Un par de horas más tarde, cuando ya había leído casi la mitad del informe que le había pasado el ex comisario, J. B. hizo una pausa. Extendió los brazos para desentumecer la musculatura y giró la butaca para echar un vistazo por la ventana. La cumbre del Puigmal seguía blanca. J. B. se preguntó cuánto tiempo necesitaría el sol para derretir toda esa nieve y recordó lo que había comentado Miguel en la fiesta sobre la temporada de esquí, el único período en el que afloraba vida en muchas de las urbanizaciones fantasma que sembraban el valle. Sus ojos repararon en el sobre de Desclòs que había recogido de su taquilla.
El sobre contenía el documento sobre el consejo que J. B. le había pedido. Según él, oficialmente el CRC lo formaban un grupo de propietarios que se ocupaba de regular las operaciones de compra y venta de terrenos en el valle. En sus estatutos constaba que los miembros eran elegidos por los ayuntamientos, pero no era difícil advertir que los nombres no habían variado desde hacía décadas y que los apellidos seguían siendo los mismos casi desde su fundación. Quedaba claro que su principal función era asegurarse de que la propiedad de las tierras del valle estaba en manos de los autóctonos y alejarlas de los especuladores. Lo que no quedaba tan claro era qué los legitimaba para decidir si las compras o ventas eran convenientes, y en cualquier caso, para quién lo eran. También parecían estar relacionados con las recalificaciones de tierras, una atribución que legalmente correspondía al departamento de gestión del suelo de cada ayuntamiento y que debía ceñirse al plan de urbanismo dictado por la Generalitat.
J. B. cerró el portafolios y se acercó a la ventana.
El aparcamiento estaba completo, aunque no en la zona de las motos. Ver la suya le recordó el trayecto con la hermana de Miguel. Sonrió al pensar que al final ella había metido las manos en sus bolsillos. Bien. Se le ocurrió que era como si hubiese dos personas en ella: la abogada inflexible y la niña de la foto, que de vez en cuando aparecía con su luz salvaje y la cercanía de un colega. Había que reconocer que sabía ir de paquete, pues cuando empezó a apretar en las curvas para comprobar si sólo sabía mandar, se había pegado a él como una profesional. Eso sí, al pisar el suelo había vuelto a la carga defendiendo a la veterinaria…
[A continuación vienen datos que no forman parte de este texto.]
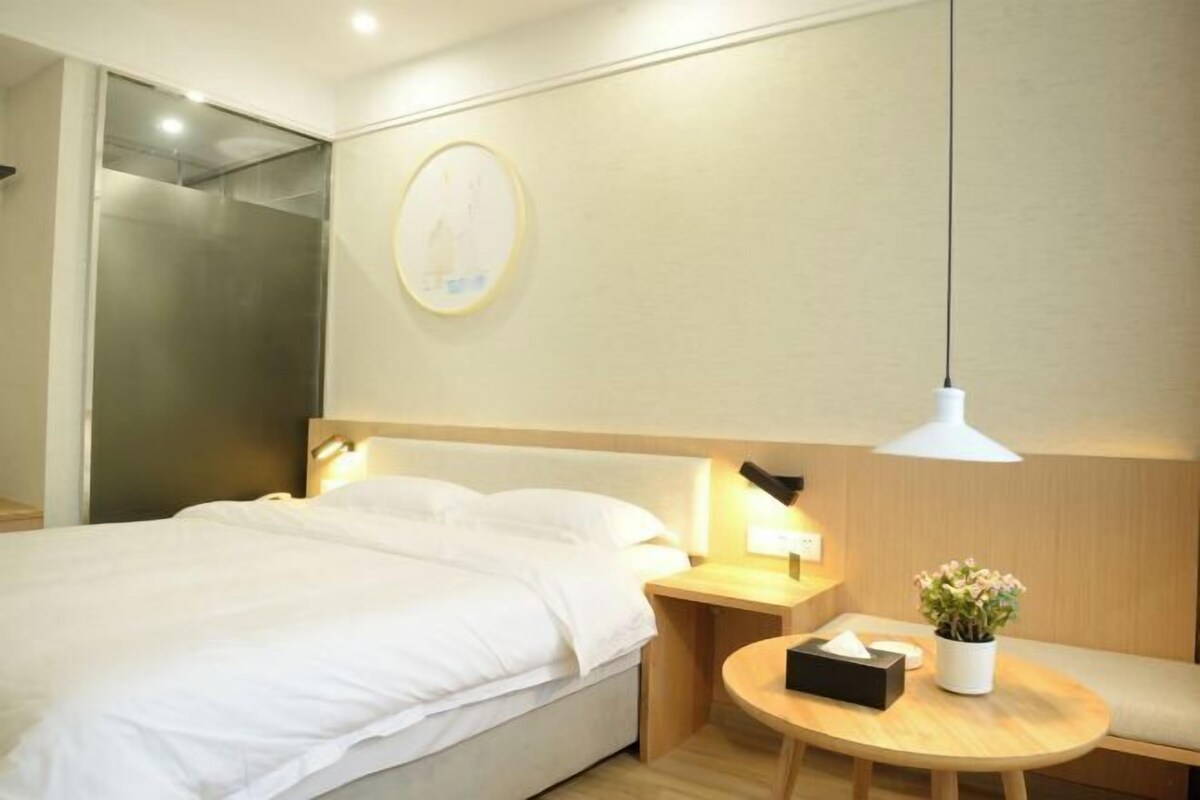 Ein Hotelzimmer mit Bett, Nachttisch mit Lampe, einem kleinen runden Tisch mit Pflanze und einer Wandleuchte.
Se preguntó si estaría al corriente de lo que le había contado el ex comisario sobre su padre, de la supuesta relación de Bernat con su muerte. No era probable, y dio por hecho que tampoco sería capaz de encontrar al remitente de la botella, tal como había prometido. Bueno, por lo menos no podría quejarse de que él le hubiese puesto impedimentos, aunque decirle que la dejaba hacer mientras no se metiese en su terreno había sido arriesgado. Había que reconocer que la lista de enfermos que tomaban digoxina que le había proporcionado le ahorraría la visita a la farmacia. Llamó a la farmacéutica para anular la reunión y, mientras esperaba, abrió el cajón para ver la lista de la letrada. Seguro que ya estaba en Barcelona, con la toga puesta y machacando a algún infeliz. J. B. colgó tras dejar un escueto mensaje. Debía de ser un espectáculo verla en acción y, desde luego, era mejor tenerla a favor que en contra, igual que sucedía con el ex comisario. El teléfono sonó y evaporó esos pensamientos.